TO DO:
Range to repeat from the listing below: the line containing "Kıyı Ege Belediyeler" down to the line containing "5th image of 74 Bedford St #2", both included. Copy it exactly, pictures excluded, and add nothing else.

RECORDS PROVIDED:
Start of Block
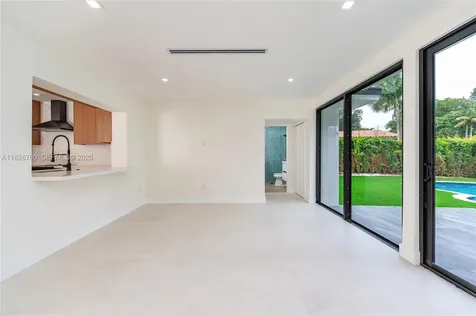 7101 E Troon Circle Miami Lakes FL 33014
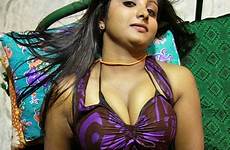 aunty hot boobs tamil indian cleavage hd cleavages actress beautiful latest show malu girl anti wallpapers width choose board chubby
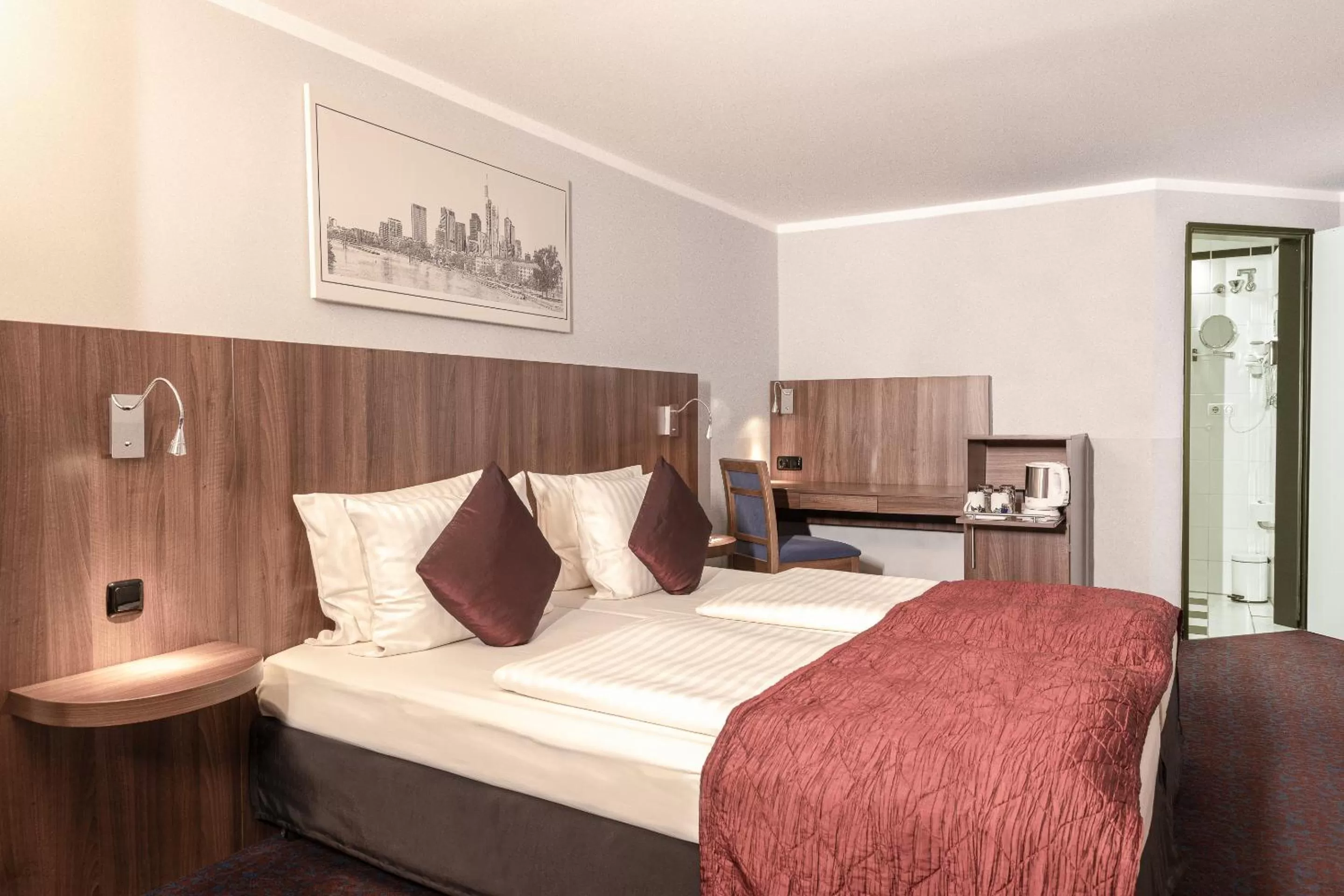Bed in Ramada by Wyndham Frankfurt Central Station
End of Block
Start of Block
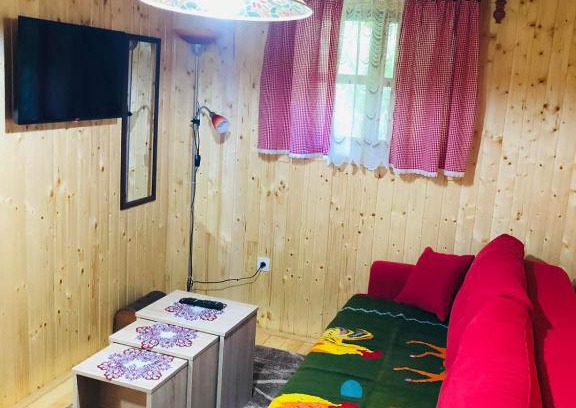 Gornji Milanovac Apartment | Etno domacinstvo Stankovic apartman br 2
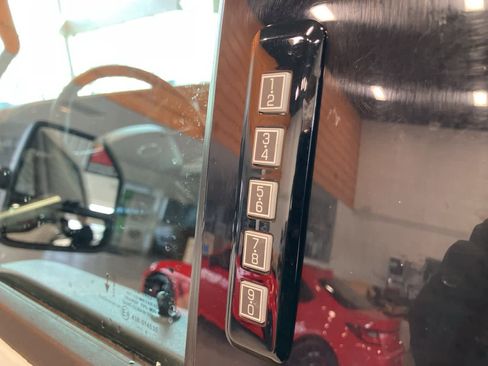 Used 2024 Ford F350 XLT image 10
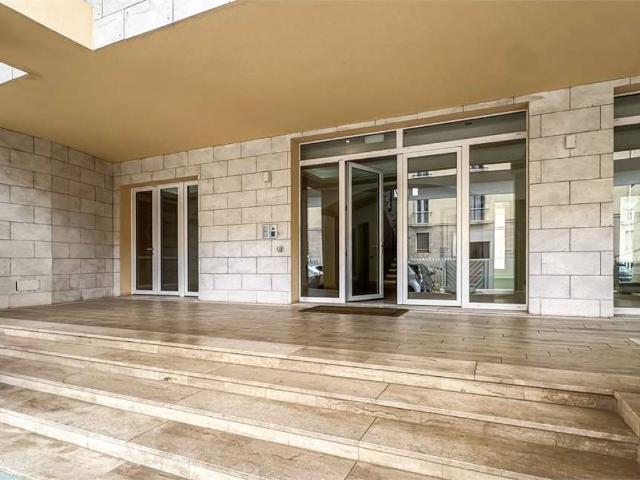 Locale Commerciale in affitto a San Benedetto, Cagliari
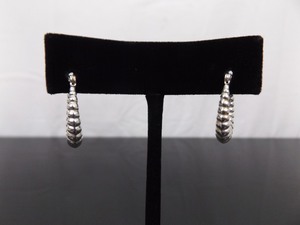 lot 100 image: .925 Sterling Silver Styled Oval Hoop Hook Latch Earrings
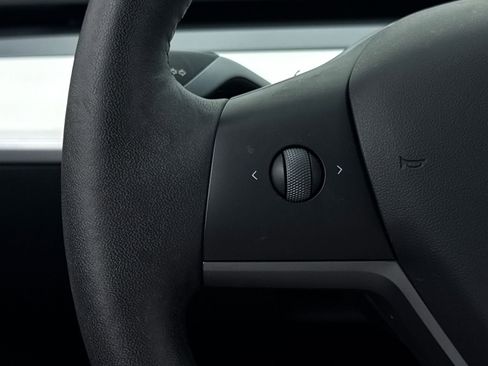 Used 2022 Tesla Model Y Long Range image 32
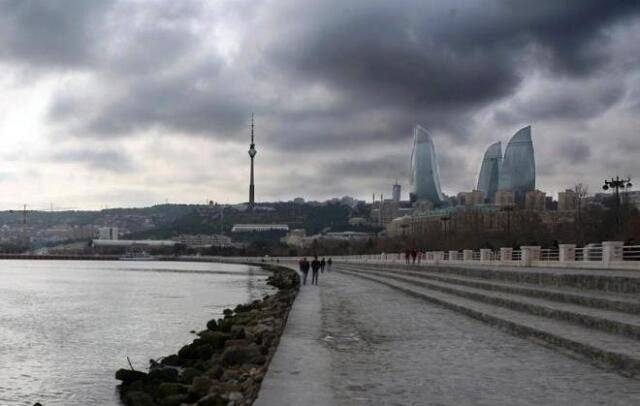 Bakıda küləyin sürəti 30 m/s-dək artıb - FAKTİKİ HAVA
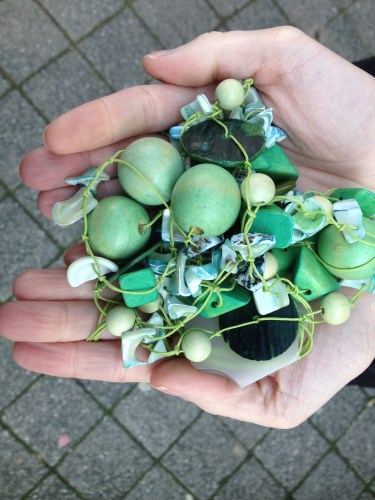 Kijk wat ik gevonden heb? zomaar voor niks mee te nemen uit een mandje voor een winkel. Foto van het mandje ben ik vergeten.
End of Block
Start of Block
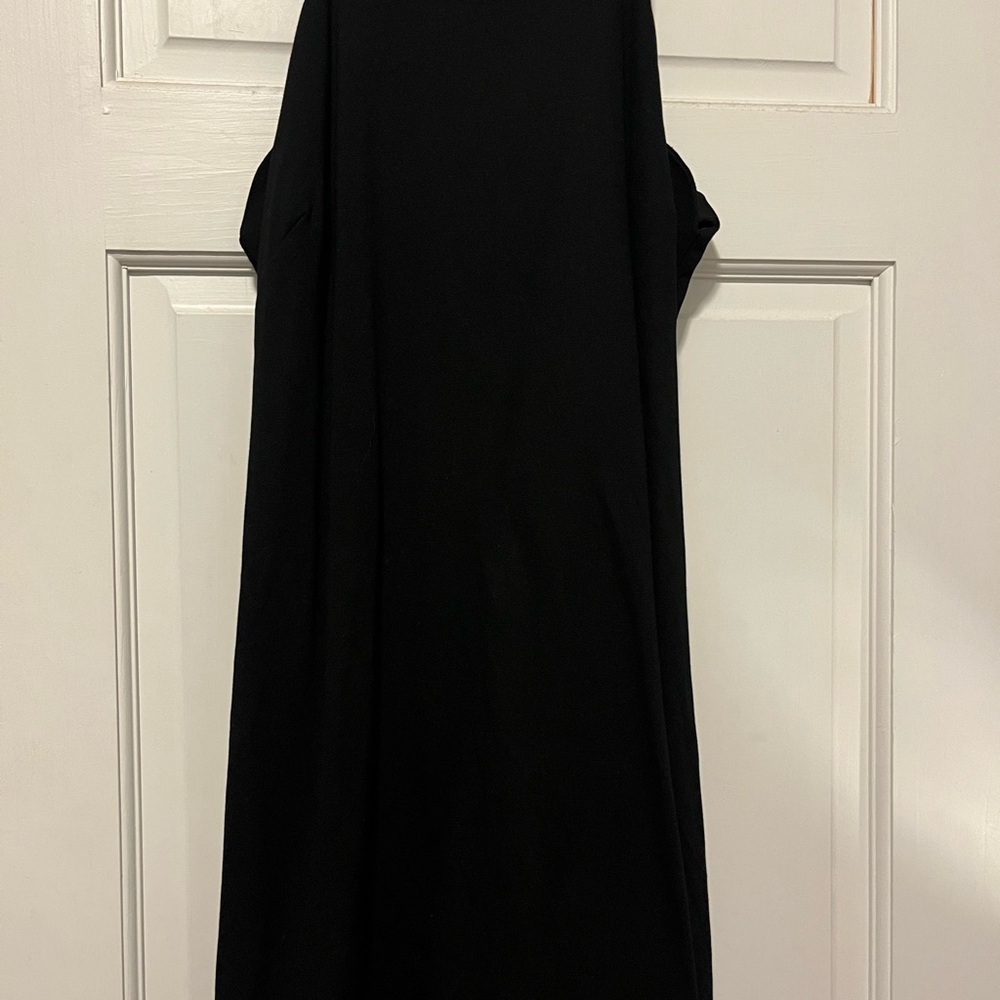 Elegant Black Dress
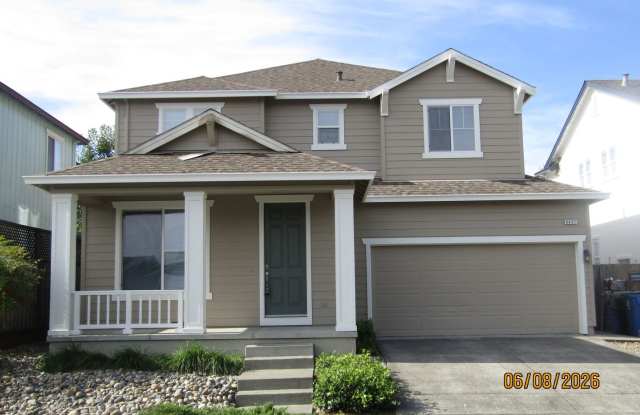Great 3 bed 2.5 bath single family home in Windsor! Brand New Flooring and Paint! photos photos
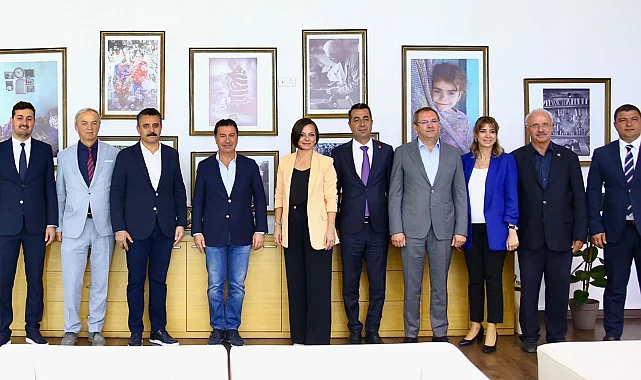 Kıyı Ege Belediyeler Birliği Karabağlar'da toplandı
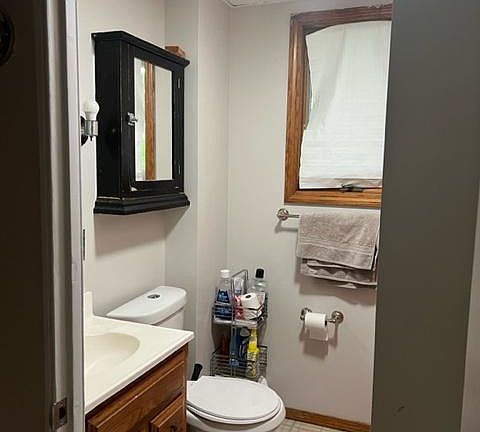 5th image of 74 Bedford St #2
End of Block
ANSWER BOX:
 Kıyı Ege Belediyeler Birliği Karabağlar'da toplandı
 5th image of 74 Bedford St #2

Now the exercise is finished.